例:“Omni, Inc.”, “Omni of Hawaii, Inc.”, “Omni of HI, Inc.”, “Omni Hawaii, Inc.” , “Omni HI, Inc.”は類似商号となります。 - “Hawaii” と “Hawaiian”から始まる商号は同一と見なします。
例:“Hawaii Flower Bouquet, Inc.” と “Hawaiian Flower Bouquet, Inc.”は類似商号となります。
(b) 存続期間
以前は会社の存続期間として50年などとする州が多く存在していましたが、今日の全ての州会社法では存続期間が無期限であることを認めています。特に事情がない限りは”無期限”とするのが一般的でしょう。
(c) 会社の目的
多くの州では、「一般的な事業目的」または「あらゆる適法な事業に従事すること」を事業目的として会社を設立することが可能です。しかし、これを採用せずに限定した事業目的としても構いませんが、会社の活動を束縛し不利益が生じることが多いと考えられています。
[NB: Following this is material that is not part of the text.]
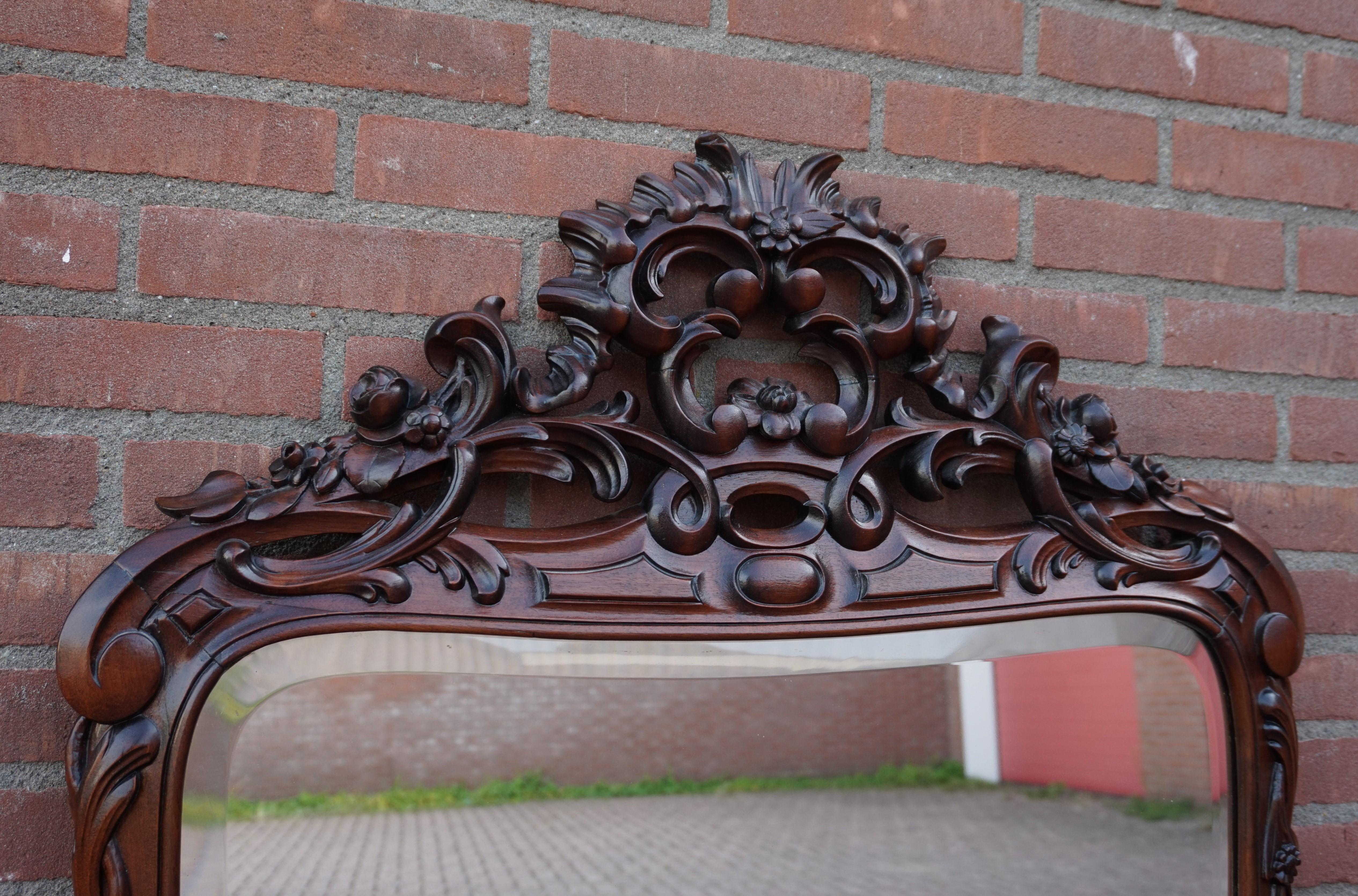 Antiguo espejo de pared o chimenea tallado a mano en madera de nogal del siglo XIX y biselado Biedermeier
なお、「一般的な事業目的」等であればあまりにも設立目的が漠然とし対外的に会社の存在を明確に表現しにくい場合もあるため、事業目的の条項において会社の主たる事業または活動を限定し、更に「その他あらゆる適法な事業に従事すること」とする会社も多く存在しています。
(d) 資本の構造
資本金の額は以前、最も一般的な最低資本額として1000ドルでありましたが、今日では一部の州を除いて、どのような最低資本金の定めも根拠のないもので債権者に対する意味のある保護として機能していないとの考えより、最低資本の要件は撤廃されました。
(e) 登録事務所の住所、登録代理人の氏名
州内の事務所の住所と登録人を記載します。居住の州内で設立する場合は、自分の住所と氏名を記入することになるでしょう。一方、制度や税制面で有利な他州を選択して、会社を設立することができます。
その際は、どの州も会社を設立するための条件として、州内の事務所と代理人を必要とします。その理由として、州からの公文書をその住所宛に送ることと、訴状の受領代理人を確保するためです。
しかし、これでは居住していない州に設立することは困難となってしまいます。この不都合を解決するために、アメリカでは会社設立用の登録事務所と登録代理人をレンタルするサービスを提供する会社が存在しています。
日本ではなじみの薄い制度ですが、アメリカでは当たり前のように会社法によっても定められています。むしろ、基本定款にレジスター・エージェントを登録することを前提に記入の欄があるくらいです。その理由として、アメリカには戸籍制度がなく必ずしも登録住所に会社の実体がなければならないというという意識は低い、州によって会社法が異なるため有利な州を選ぶ権利があるという考えからでしょう。
(f) 取締役の人数、最初の取締役会構成員の氏名・住所
設立者は基本定款で最初の取締役会の構成員を指名します。多くの州において、取締役は非居住の外国人であっても構いません。また、取締役の員数は1名以上とする州が多くなっています。取締役会の開催によって会社設立を完了させるのが通例です。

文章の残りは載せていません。